This exercise calls for the records to be returned exactly, with images removed.

#### Extracted entries ####

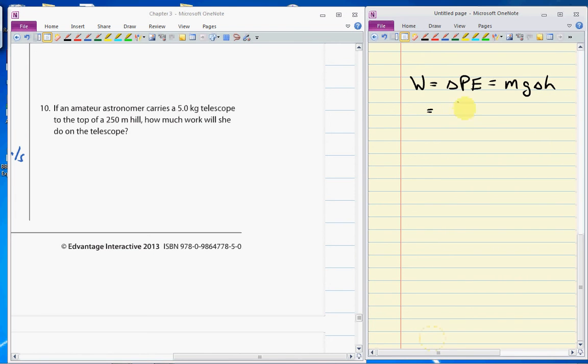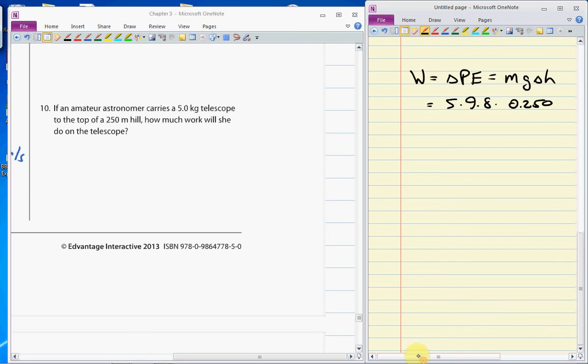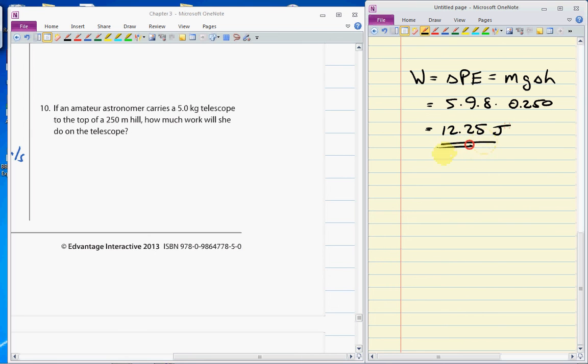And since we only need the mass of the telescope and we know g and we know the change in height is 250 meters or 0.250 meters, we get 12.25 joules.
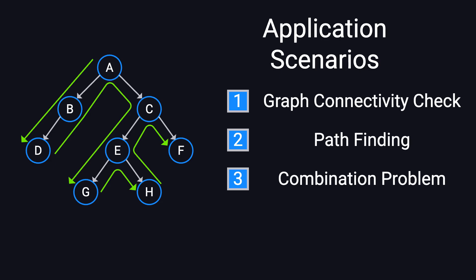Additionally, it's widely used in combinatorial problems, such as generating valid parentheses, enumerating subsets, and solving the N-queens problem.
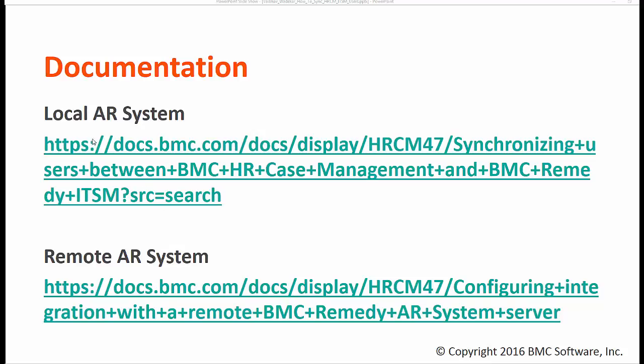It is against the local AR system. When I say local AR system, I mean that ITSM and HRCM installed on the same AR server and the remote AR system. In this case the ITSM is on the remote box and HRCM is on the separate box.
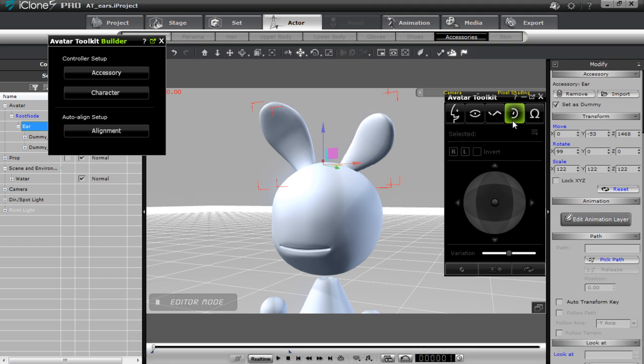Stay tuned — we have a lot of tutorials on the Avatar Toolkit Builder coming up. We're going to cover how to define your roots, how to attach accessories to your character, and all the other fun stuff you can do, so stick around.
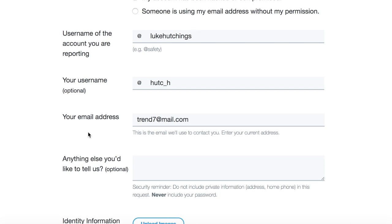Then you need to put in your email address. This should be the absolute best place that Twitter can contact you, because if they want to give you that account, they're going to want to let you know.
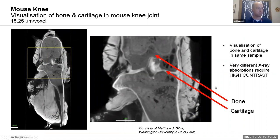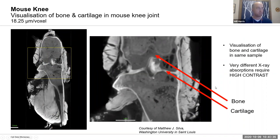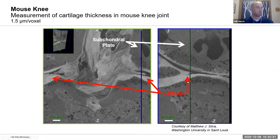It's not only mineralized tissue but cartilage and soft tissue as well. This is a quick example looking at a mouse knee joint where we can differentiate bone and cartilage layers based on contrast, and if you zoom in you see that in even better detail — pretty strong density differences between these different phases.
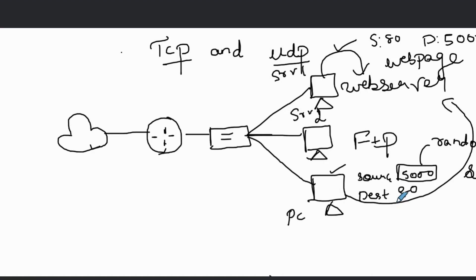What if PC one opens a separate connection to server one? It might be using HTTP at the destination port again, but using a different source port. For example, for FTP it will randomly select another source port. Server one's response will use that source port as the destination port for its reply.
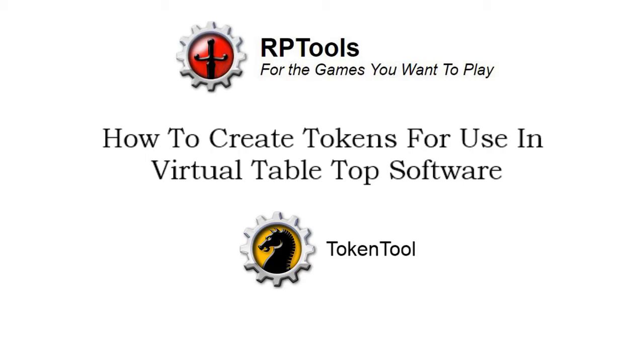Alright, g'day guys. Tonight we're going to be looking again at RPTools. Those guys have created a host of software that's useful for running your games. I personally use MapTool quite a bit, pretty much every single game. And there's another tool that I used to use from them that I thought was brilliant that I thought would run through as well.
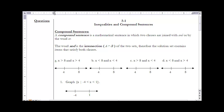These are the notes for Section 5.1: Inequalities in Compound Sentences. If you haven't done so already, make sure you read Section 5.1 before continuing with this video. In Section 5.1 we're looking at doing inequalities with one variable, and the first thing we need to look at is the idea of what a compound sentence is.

####

Task solution:
And since we only need the mass of the telescope and we know g and we know the change in height is 250 meters or 0.250 meters, we get 12.25 joules.
Additionally, it's widely used in combinatorial problems, such as generating valid parentheses, enumerating subsets, and solving the N-queens problem.
It is against the local AR system. When I say local AR system, I mean that ITSM and HRCM installed on the same AR server and the remote AR system. In this case the ITSM is on the remote box and HRCM is on the separate box.
Stay tuned — we have a lot of tutorials on the Avatar Toolkit Builder coming up. We're going to cover how to define your roots, how to attach accessories to your character, and all the other fun stuff you can do, so stick around.
Then you need to put in your email address. This should be the absolute best place that Twitter can contact you, because if they want to give you that account, they're going to want to let you know.
It's not only mineralized tissue but cartilage and soft tissue as well. This is a quick example looking at a mouse knee joint where we can differentiate bone and cartilage layers based on contrast, and if you zoom in you see that in even better detail — pretty strong density differences between these different phases.
What if PC one opens a separate connection to server one? It might be using HTTP at the destination port again, but using a different source port. For example, for FTP it will randomly select another source port. Server one's response will use that source port as the destination port for its reply.
Alright, g'day guys. Tonight we're going to be looking again at RPTools. Those guys have created a host of software that's useful for running your games. I personally use MapTool quite a bit, pretty much every single game. And there's another tool that I used to use from them that I thought was brilliant that I thought would run through as well.
These are the notes for Section 5.1: Inequalities in Compound Sentences. If you haven't done so already, make sure you read Section 5.1 before continuing with this video. In Section 5.1 we're looking at doing inequalities with one variable, and the first thing we need to look at is the idea of what a compound sentence is.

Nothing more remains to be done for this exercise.